Dataset extract
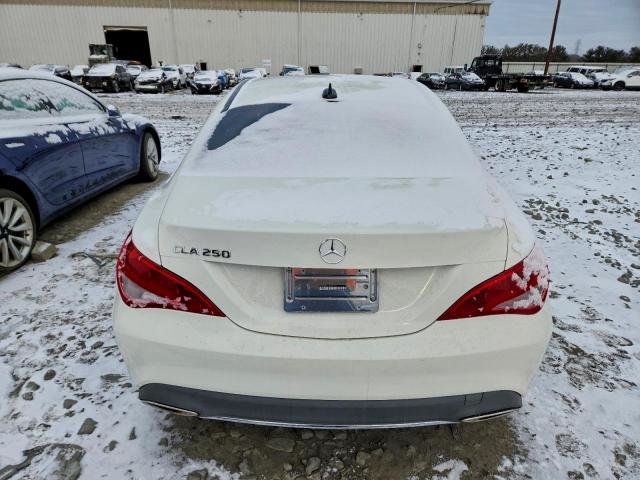 Mercedes-Benz Cla-class 250 Image 12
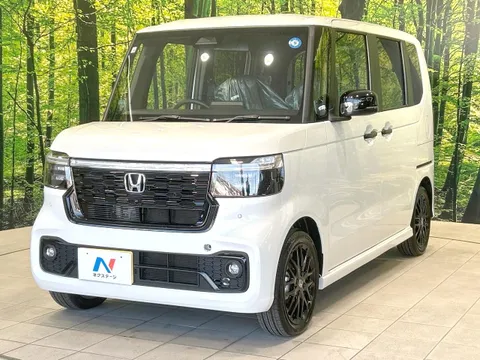 Honda N-BOX Custom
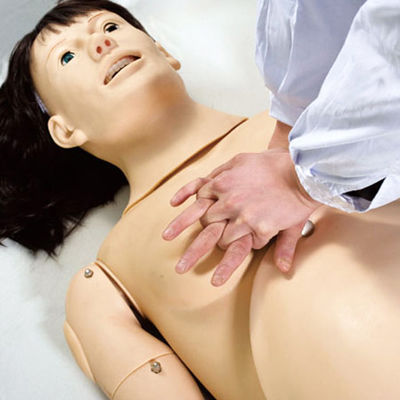 Manichino di addestramento al parto per simulazioni realistiche di emergenza materna e neonatale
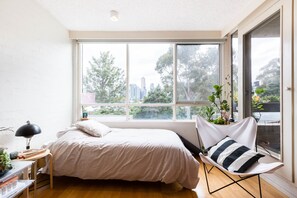 Departamento Premium, 1 habitación, balcón | 1 habitación, tabla de planchar con plancha, cunas y wifi gratis 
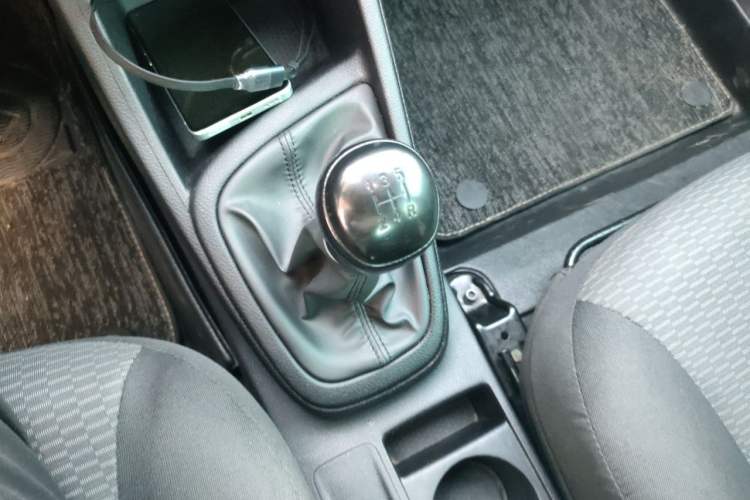 Used Hyundai Verna (older generation) 2020 1.4L Manual GL Refreshed Edition Gear Lever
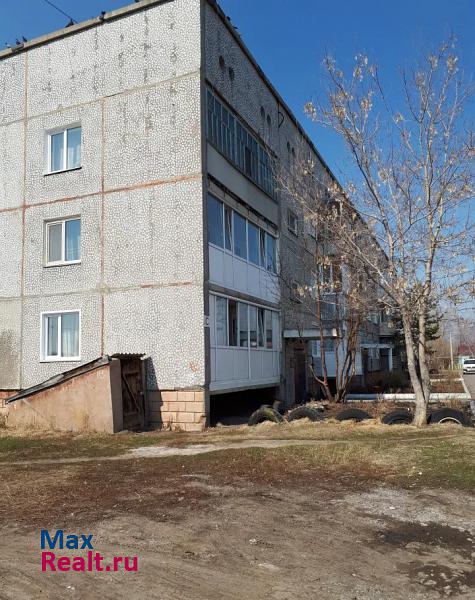 посёлок городского типа Кормиловка, улица Ленина, 113 Кормиловка продам квартиру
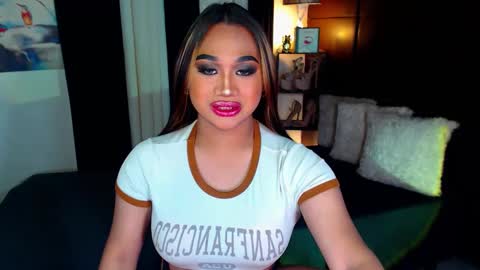 Snapshot of xxxgiganticoliviacummerxxx chatting on December 20, 2:38 pm OLIVIA online show from December 20, 2:38 pm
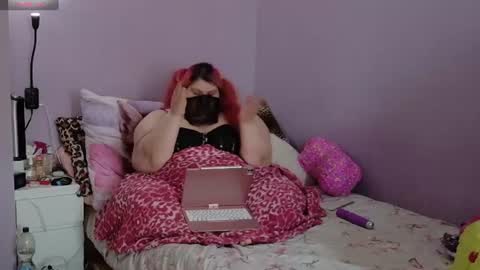 ladykitsunebig online show from 7, 7, 2026
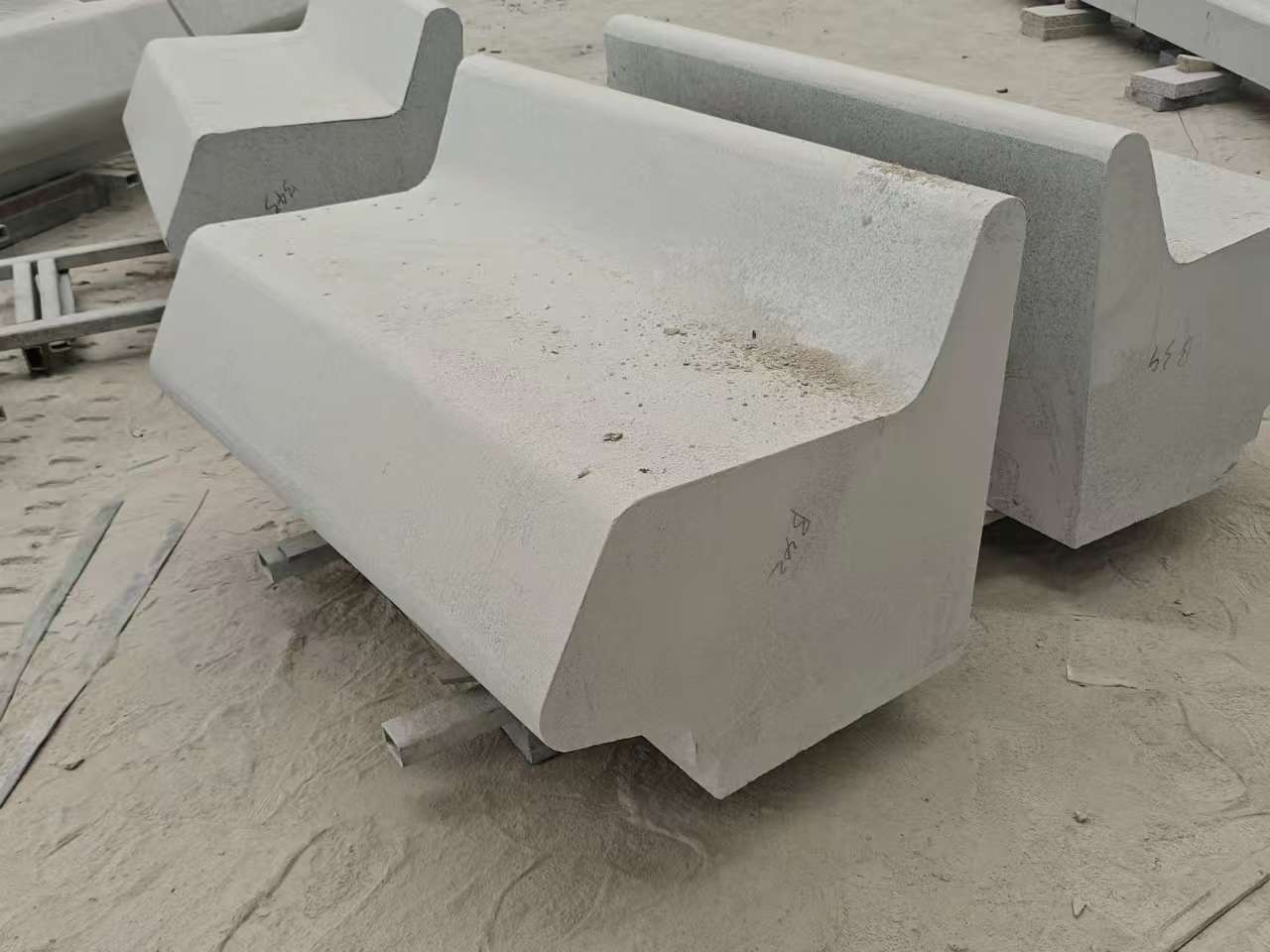 芜湖 芝麻白花岗岩异形坐凳，石凳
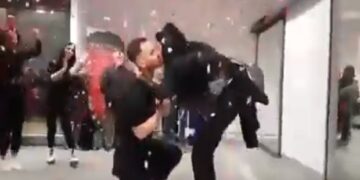 Μια ξεχωριστή και πρωτότυπη πρόταση γάμου στο αεροδρόμιο από Πτολεμαϊδιώτη στην κοπέλα του! (VIDEO)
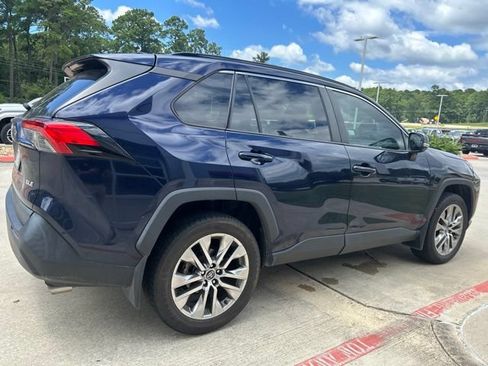 Used 2020 Toyota RAV4 XLE Premium FWD image 4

Activity
Once the line containing "ladykitsunebig online show from 7, 7, 2026" is found, copy it and each line after it through the end of the entries above exactly; nothing else, and no pictures.

Response below
 ladykitsunebig online show from 7, 7, 2026
 芜湖 芝麻白花岗岩异形坐凳，石凳
 Μια ξεχωριστή και πρωτότυπη πρόταση γάμου στο αεροδρόμιο από Πτολεμαϊδιώτη στην κοπέλα του! (VIDEO)
 Used 2020 Toyota RAV4 XLE Premium FWD image 4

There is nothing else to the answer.